Counterproofs of drawings are made by dampening a sheet of blank paper and placing it against a chalk or crayon drawing (which might also be moistened) and rubbing, or, ideally, running it through a press, so that the chalk will transfer to the blank page. A mirror image of the original is created this way. Counterproofs are also known as offsets. In the example illustrated below, Nicolaes Pietersz. Berchem (1622 – 1683) created the drawing (right) and counterproof (left) on the same sheet. More commonly, a drawing and its counterproof would be on two different sheets of paper. The counterproof would have aided Berchem in his preparation of the etching plate. Berchem’s 1652 etching, for which the drawing and counterproof were used, is also illustrated below.
Counterproofs are mostly used by artists involved in printmaking. Counterproofs of prints must be made immediately after the print is taken off the press, while the ink is still wet.
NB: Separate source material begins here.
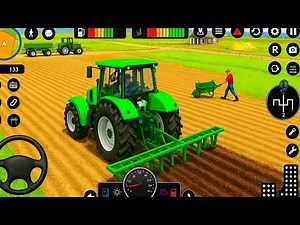 Real Tractor 3D Farming Simulator 🚜 | Modern Farm Tractor Driving Game 2025 | tractor game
Counterproofs of drawings can be taken decades and hundreds of years later–as was the case in the 18th century when counterproofs were made of earlier drawings, even 16th century drawings. At least some of these counterproofs were meant to deceive and were sold as original drawings. Others would have been innocently made–with the thinking that having two great images is better than having just one. The trouble is that drawings are weakened through the process of counterproofing–chalk dust is transferred away from the drawing to the counterproof. The 18th century artists Jean-Honoré Fragonard (1732 – 1806) and Hubert Robert (1733 – 1808) often made counterproofs of their own drawings and would then rework the counterproof and, sometimes, the original. Collectors far prefer an original to a counterproof, even a reworked counterproof.
Evenness of tone, faintness, hatching direction, backwards lettering, and creased paper are telltale signs of counterproofs. The greatest proof is seeing the stronger original in the opposite direction.